The terracotta representation of South Africa above which forms part of the Doulton Fountain on Glasgow Green celebrates the British Empire along with tableau for Australia, India and Canada. The male model for the man was used for all the tableau. The 'native' woman looks clearly like a boy from the Doulton Works with a wig on. The riches of the land are represetned by the ostrich (for the its feathers), grapes, maize, a shovel for prospecting and mining and a sturdy carbine and round of heavy bullets to shoot the plentiful game and keep order. The man is determined, benign, wistful even. The woman seated at his side, her breast uncovered to represent the 'native'at the bounds of the whilte man's civilization. In the tableau for Australia and Canada where the 'native' has been eradicated or marginalised the woman is clearly modelled on a classical Greek statue - civilization and the Roman Nose have won and conquered the land. In South Africa the struggle goes on against the Native and the Boer. That struggle is still remembered through in many UK football stadiums which have 'Kop ends'. These derive from the battle in the Second Boer War in January 1900 that took place on the hill near Ladysmith called Spion Kop.

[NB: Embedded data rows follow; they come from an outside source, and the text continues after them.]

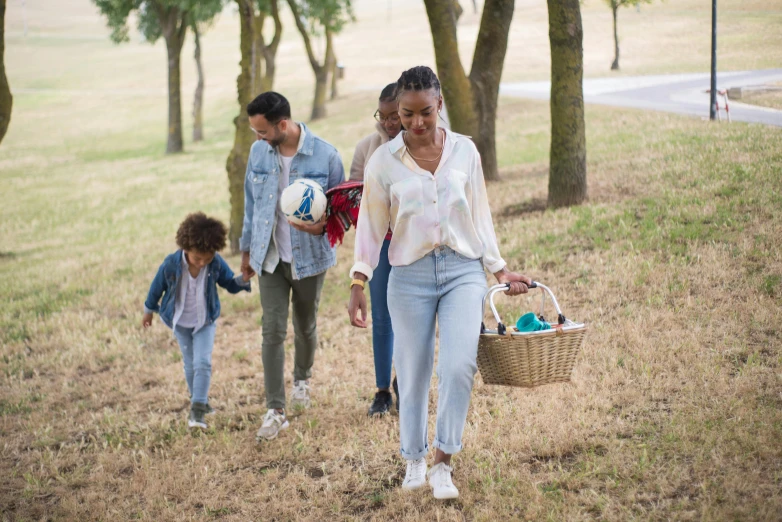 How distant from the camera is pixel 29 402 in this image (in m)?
7.63

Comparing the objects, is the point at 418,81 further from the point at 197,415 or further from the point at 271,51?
the point at 271,51

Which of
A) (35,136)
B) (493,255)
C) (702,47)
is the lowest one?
(35,136)

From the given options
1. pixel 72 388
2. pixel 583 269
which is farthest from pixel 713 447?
pixel 72 388

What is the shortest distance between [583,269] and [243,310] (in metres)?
4.38

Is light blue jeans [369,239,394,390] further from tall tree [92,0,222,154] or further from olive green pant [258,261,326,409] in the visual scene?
tall tree [92,0,222,154]

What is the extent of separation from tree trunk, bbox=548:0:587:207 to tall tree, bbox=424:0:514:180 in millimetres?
1951

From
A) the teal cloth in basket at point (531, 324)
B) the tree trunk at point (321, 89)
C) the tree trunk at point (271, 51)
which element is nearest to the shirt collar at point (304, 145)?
the teal cloth in basket at point (531, 324)

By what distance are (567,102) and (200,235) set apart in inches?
233

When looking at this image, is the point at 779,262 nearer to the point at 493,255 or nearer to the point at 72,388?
the point at 493,255

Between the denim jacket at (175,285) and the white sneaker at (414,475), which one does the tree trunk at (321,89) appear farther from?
the white sneaker at (414,475)

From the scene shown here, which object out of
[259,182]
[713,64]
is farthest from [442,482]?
[713,64]

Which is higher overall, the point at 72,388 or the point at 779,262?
the point at 779,262

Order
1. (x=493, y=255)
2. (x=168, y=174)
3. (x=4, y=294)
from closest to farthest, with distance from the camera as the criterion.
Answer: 1. (x=493, y=255)
2. (x=4, y=294)
3. (x=168, y=174)

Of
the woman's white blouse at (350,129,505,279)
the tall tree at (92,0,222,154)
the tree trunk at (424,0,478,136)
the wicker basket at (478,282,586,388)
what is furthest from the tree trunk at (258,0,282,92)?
the wicker basket at (478,282,586,388) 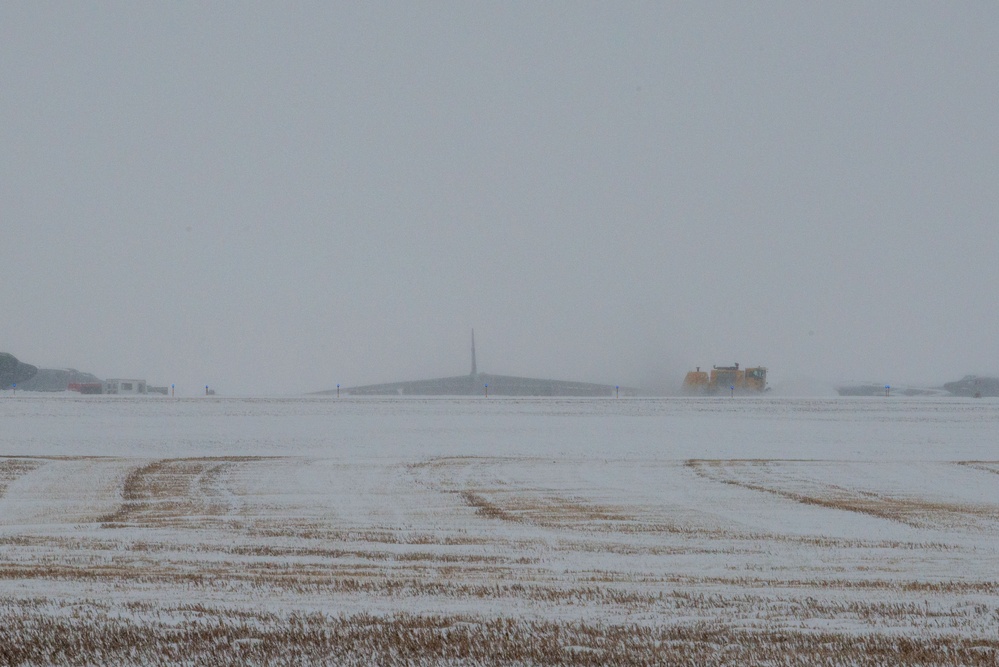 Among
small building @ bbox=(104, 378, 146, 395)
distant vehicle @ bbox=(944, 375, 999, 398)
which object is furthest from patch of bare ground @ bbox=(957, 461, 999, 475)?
distant vehicle @ bbox=(944, 375, 999, 398)

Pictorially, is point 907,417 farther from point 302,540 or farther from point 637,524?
point 302,540

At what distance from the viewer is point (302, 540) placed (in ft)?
34.6

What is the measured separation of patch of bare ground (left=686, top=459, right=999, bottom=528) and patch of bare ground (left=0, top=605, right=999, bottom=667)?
6.96 m

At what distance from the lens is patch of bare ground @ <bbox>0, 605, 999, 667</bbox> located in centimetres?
580

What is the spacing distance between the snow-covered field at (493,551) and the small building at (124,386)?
3176cm

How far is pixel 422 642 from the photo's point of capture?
20.1 ft

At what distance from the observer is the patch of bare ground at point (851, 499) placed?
12.8m

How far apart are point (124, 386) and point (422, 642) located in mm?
56364

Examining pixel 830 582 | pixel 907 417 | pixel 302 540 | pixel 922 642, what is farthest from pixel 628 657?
pixel 907 417

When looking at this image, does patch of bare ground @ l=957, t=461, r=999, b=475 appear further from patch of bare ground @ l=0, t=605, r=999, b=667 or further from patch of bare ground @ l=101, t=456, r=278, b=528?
patch of bare ground @ l=101, t=456, r=278, b=528

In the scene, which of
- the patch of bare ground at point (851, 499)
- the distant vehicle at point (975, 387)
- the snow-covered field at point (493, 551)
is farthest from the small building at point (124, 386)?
the distant vehicle at point (975, 387)

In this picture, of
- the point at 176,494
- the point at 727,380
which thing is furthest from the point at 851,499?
the point at 727,380

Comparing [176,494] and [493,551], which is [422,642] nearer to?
[493,551]

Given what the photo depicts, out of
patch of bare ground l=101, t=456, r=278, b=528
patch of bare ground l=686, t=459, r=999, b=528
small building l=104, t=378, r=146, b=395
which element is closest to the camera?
patch of bare ground l=101, t=456, r=278, b=528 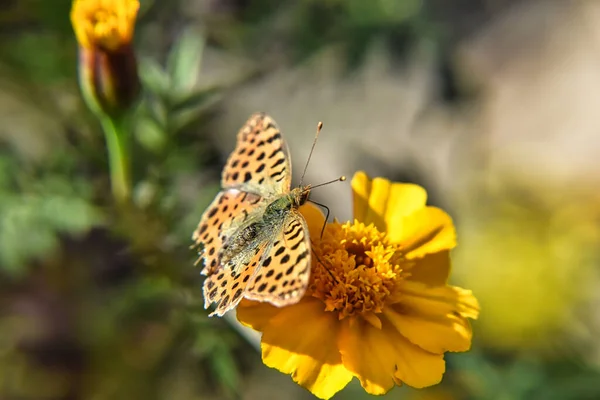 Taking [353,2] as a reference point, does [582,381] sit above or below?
below

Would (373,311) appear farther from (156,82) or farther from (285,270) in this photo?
(156,82)

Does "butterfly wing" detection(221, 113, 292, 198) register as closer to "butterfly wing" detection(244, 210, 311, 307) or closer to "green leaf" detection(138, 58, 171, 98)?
"butterfly wing" detection(244, 210, 311, 307)

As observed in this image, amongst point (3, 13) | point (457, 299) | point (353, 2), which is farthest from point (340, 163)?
point (457, 299)

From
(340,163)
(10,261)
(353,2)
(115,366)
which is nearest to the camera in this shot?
(10,261)

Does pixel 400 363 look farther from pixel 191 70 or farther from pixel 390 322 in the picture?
pixel 191 70

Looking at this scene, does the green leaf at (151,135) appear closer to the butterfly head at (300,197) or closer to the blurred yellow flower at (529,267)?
the butterfly head at (300,197)

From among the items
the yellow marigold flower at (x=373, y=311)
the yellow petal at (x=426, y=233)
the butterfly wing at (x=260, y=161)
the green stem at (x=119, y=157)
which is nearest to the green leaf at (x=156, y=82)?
the green stem at (x=119, y=157)

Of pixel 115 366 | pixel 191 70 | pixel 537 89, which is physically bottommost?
pixel 115 366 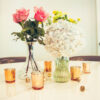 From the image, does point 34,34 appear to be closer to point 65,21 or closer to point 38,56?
point 65,21

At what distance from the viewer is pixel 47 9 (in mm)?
2766

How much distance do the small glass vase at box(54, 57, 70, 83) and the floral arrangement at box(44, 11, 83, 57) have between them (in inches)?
2.7

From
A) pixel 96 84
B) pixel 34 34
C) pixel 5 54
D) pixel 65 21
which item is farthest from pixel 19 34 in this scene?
pixel 5 54

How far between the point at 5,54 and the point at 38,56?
44cm

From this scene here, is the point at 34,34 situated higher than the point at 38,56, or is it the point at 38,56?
the point at 34,34

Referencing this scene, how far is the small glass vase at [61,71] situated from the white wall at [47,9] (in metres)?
1.71

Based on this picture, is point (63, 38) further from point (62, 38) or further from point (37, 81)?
point (37, 81)

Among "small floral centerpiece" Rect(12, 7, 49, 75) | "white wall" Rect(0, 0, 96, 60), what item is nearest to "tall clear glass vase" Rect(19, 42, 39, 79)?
"small floral centerpiece" Rect(12, 7, 49, 75)

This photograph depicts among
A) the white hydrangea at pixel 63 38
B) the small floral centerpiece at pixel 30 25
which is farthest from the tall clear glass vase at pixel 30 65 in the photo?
the white hydrangea at pixel 63 38

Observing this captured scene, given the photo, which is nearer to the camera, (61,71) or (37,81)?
(37,81)

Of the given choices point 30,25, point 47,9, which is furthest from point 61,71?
point 47,9

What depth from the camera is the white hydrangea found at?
3.16 ft

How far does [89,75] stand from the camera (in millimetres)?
1218

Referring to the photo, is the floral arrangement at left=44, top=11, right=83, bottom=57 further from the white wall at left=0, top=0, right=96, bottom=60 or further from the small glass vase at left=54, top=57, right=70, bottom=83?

The first 80 years of British rule of the Cape colony was largely uneventful. Treated as little more than a stepping-stone to India the colony expanded slowly and was of little trading importance to Britain with the exception of the wine, wool and ivory trades. The contrast with the US is salutary: by 1870 it had 32 million people of European descent and 53,000 miles of railroad. Southern Africa had 250,000 white people and just 70 miles of railroad.
Limited British immigration led to an eastern expansion of the colony into Xhosa lands and the brutal suppression of the Xhosa. In the late 1820s and early 1830s slaves were emancipated and under pressure from the London Missionary Societies the Khoikhoi were granted equality before the law - although in reality with neither political power nor access to land freed slaves and Khoikhoi were virtually enserfed to white landowners.
After emancipation in the Cape Colony, as later in the United States, the forms were the forms of freedom, but the facts were still the facts of exploitation.
From this time hence Khoikhoi and freed slaves came to be called the Cape Coloured people and were to become one of the four racial categories recognised by South African governments in the 20th century - the others being White, African/Native and Indian.
Rather than a gradual merging of the White Afrikaaner population and the Coloured population, further segregation was enforced through the Dutch Reformed Church's decision to separate White and Coloured congregations and the exclusion of Coloured children from schools.
In 1853 Britain ceded local decision-making, subject to British veto, through a bi-cameral parliament with British officials occupying executive positions.
Afrikaner discontent at slave emancipation, the use of English as the official language, and growing anti-British feeling led to the migration of 9% of the White population and their five thousand mainly Khoikhoi and Coloured servants from the east of the colony on the Great Trek, as it became known, which was led by voortrekkers (pioneers).